__What you have to do__:
Omit all pictures. Reproduce exactly the lines from the first line of the records below through the line with "Toyota Avensis T250".

Image-text web data

———

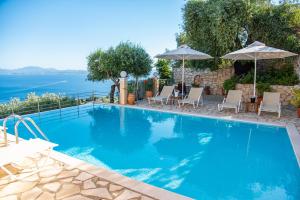 The swimming pool at or close to Villa Sotiris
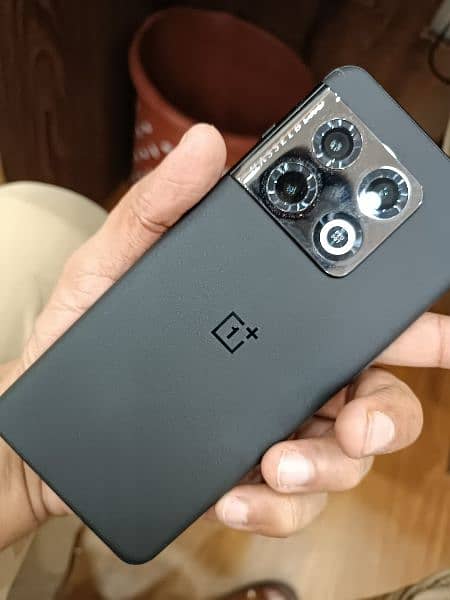 Oneplus 10 pro 12/256 official PTA 2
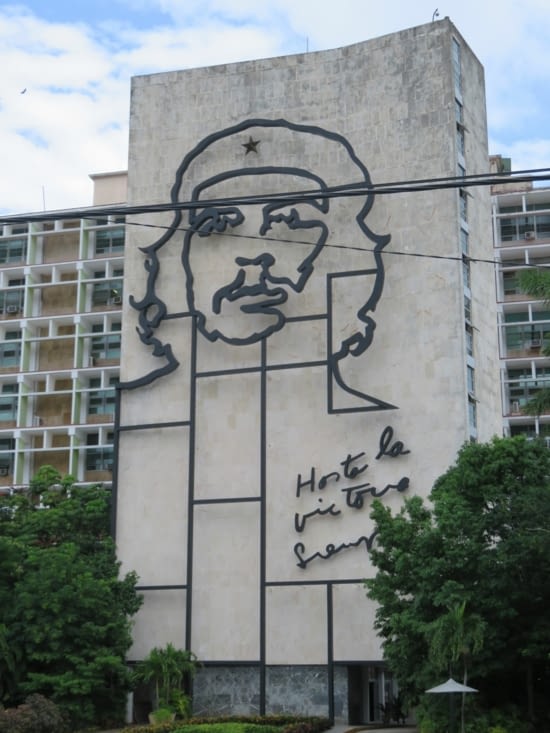 Portrait du Che et sa symbolique devise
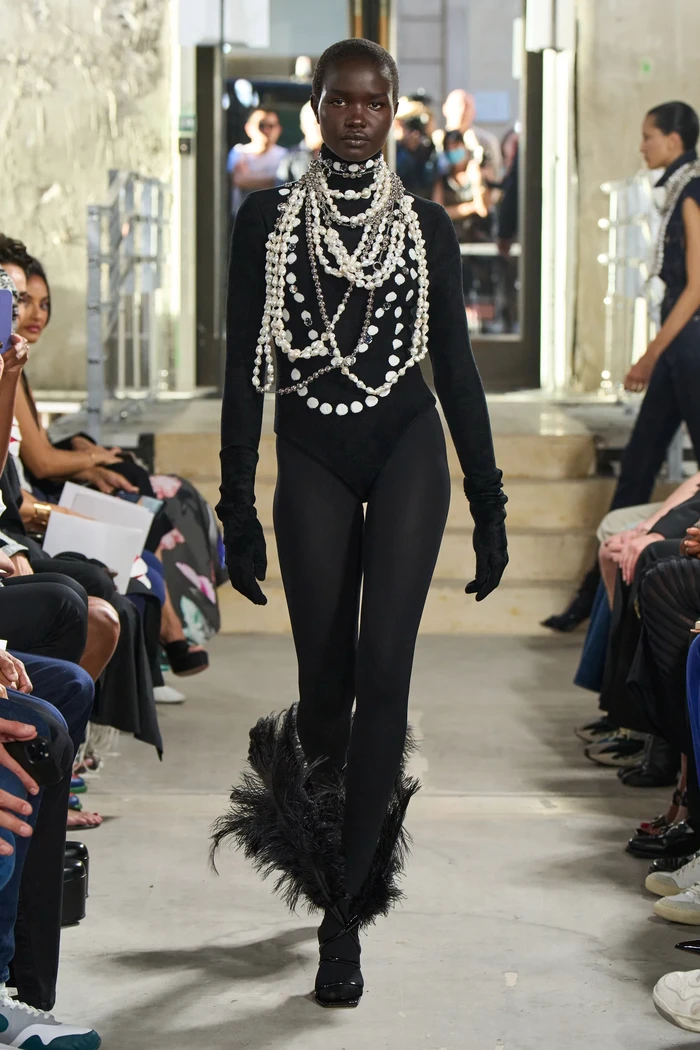 Era bergaya minimalis dalam pemakaian perhiasan tampaknya akan segera tergantikan dengan gaya ala era '80an di mana tumpukan kalung bergaya glamor. Seperti pada koleksi Alaia berikut. Foto: Courtesy of Alaia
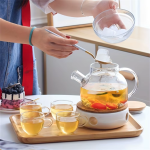 Teekanne aus Glas mit Spiralsieb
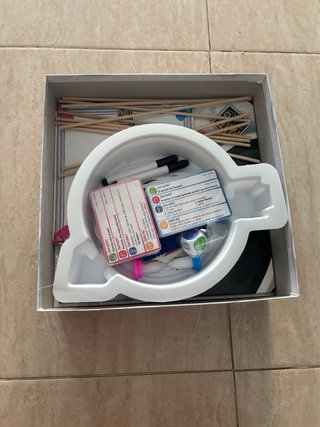 Juego de mesa Party & Co Ellas vs Ellos (perfecto)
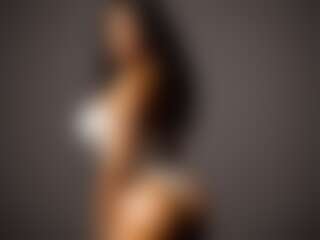 Friday Reign's Live Sex Cam Show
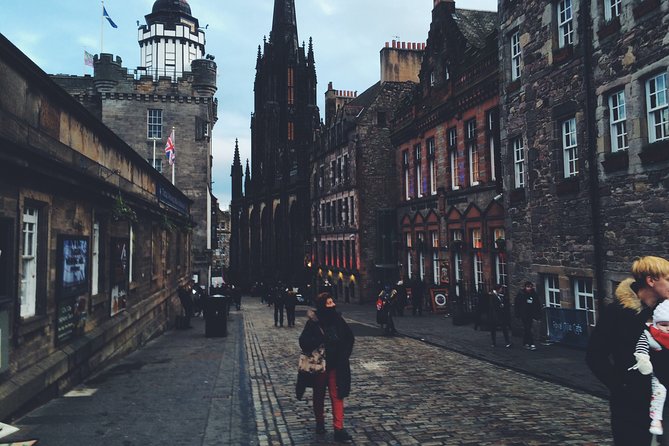 Edinburgh Royal Mile (New Self Guided Tour)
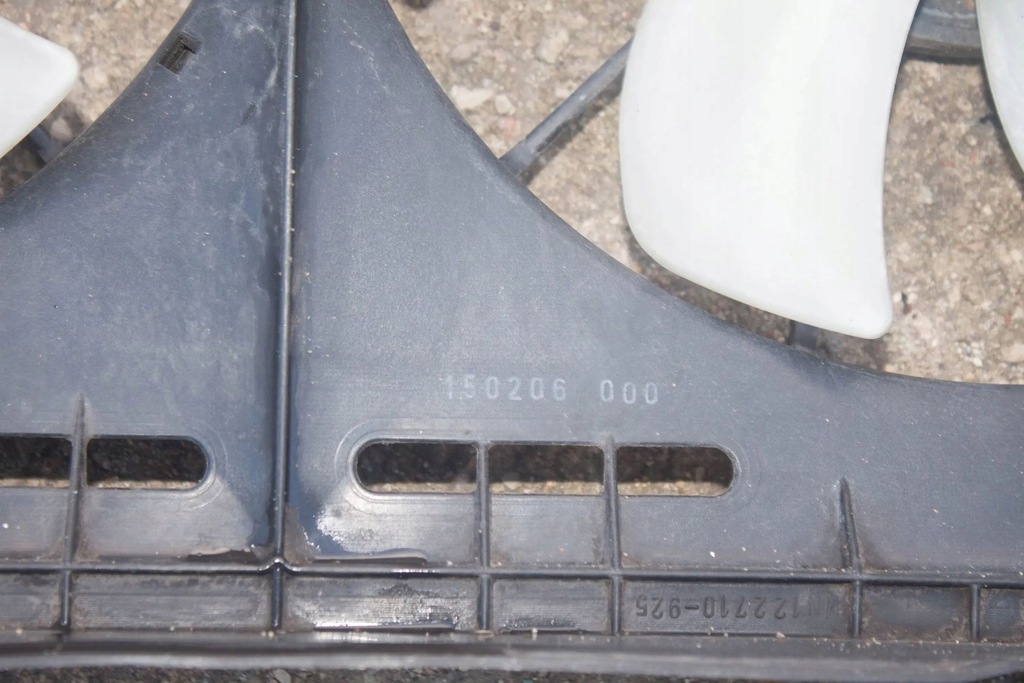 Toyota Avensis T250 2003 Περιβαλλόμενα ανεμιστήρα Product image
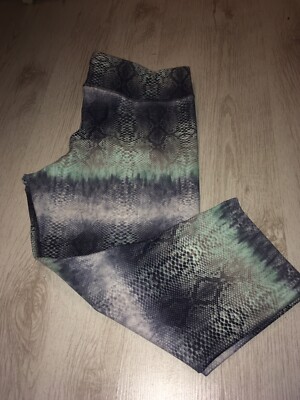 Nux Cropped Capri Leggings mit Schlangenmuster, Cropped Capri, Gr. L, Large, blau grün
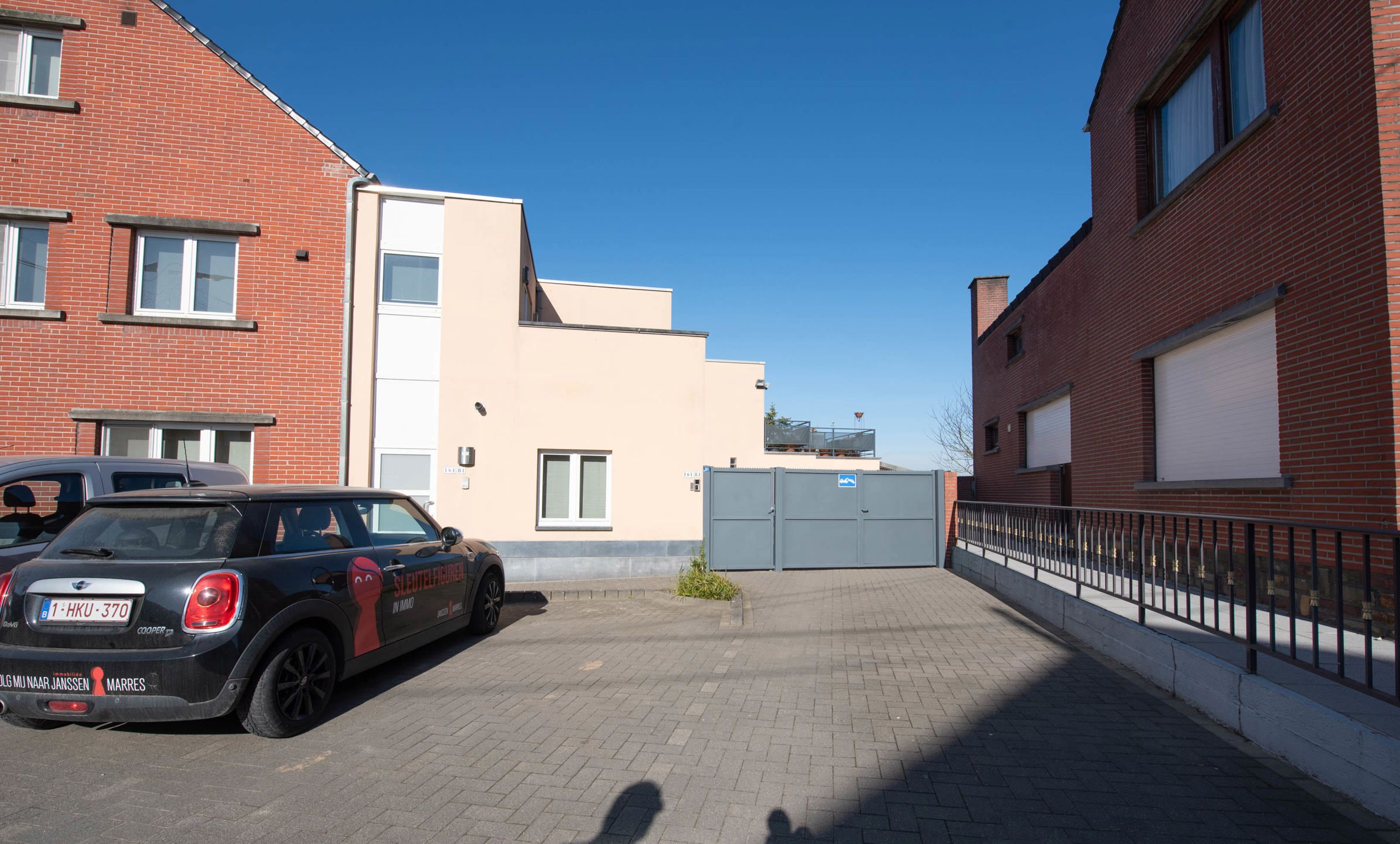 Centraal gelegen handelspand met parking.  foto 18
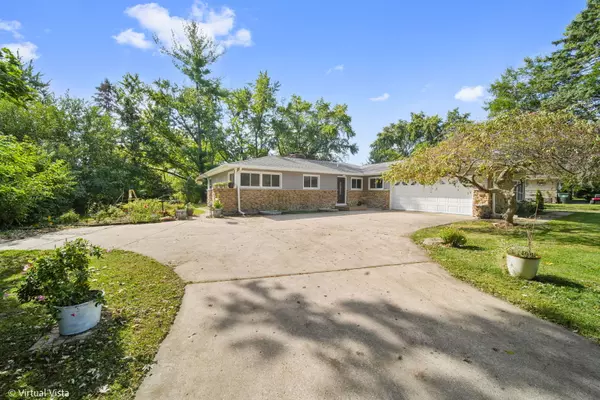 1149 Gail LN, Sleepy Hollow, IL 60118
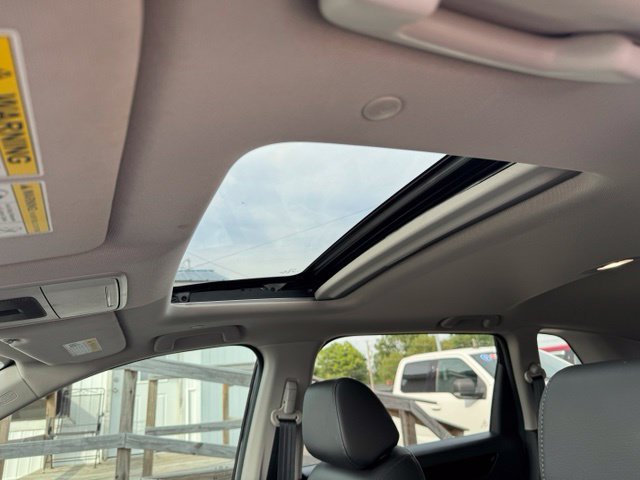 Used 2025 Honda CR-V EX-L image 17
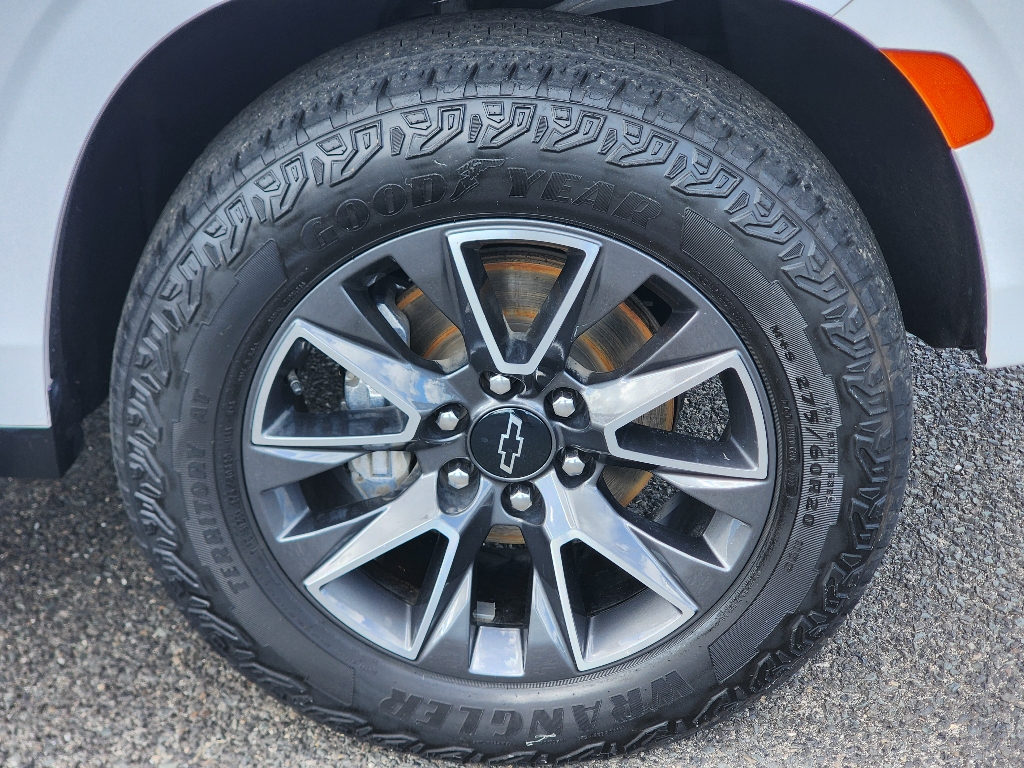 2023 Chevrolet Tahoe Z71 photo 3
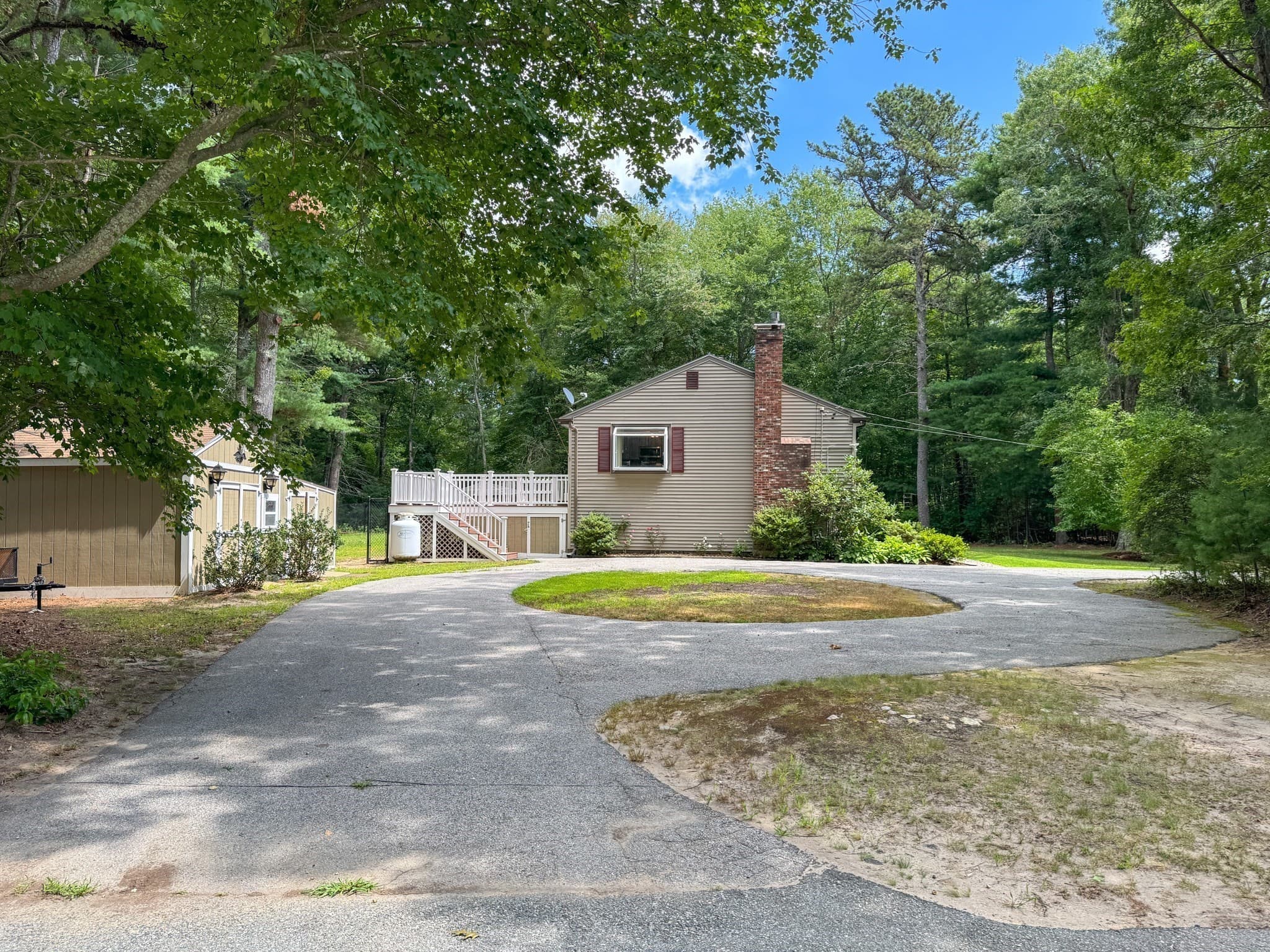 Single Family Residence at 617 Marys Pond Rd, Rochester MA 02770, Rochester, photo 4 of 15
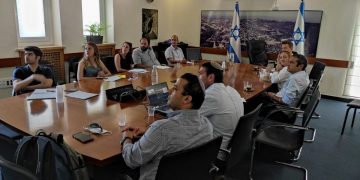 עידית ינטוב פגישה עם בכירי משרד האוצר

———

__Answer for this exercise__:
 The swimming pool at or close to Villa Sotiris
 Oneplus 10 pro 12/256 official PTA 2
 Portrait du Che et sa symbolique devise
 Era bergaya minimalis dalam pemakaian perhiasan tampaknya akan segera tergantikan dengan gaya ala era '80an di mana tumpukan kalung bergaya glamor. Seperti pada koleksi Alaia berikut. Foto: Courtesy of Alaia
 Teekanne aus Glas mit Spiralsieb
 Juego de mesa Party & Co Ellas vs Ellos (perfecto)
 Friday Reign's Live Sex Cam Show
 Edinburgh Royal Mile (New Self Guided Tour)
 Toyota Avensis T250 2003 Περιβαλλόμενα ανεμιστήρα Product image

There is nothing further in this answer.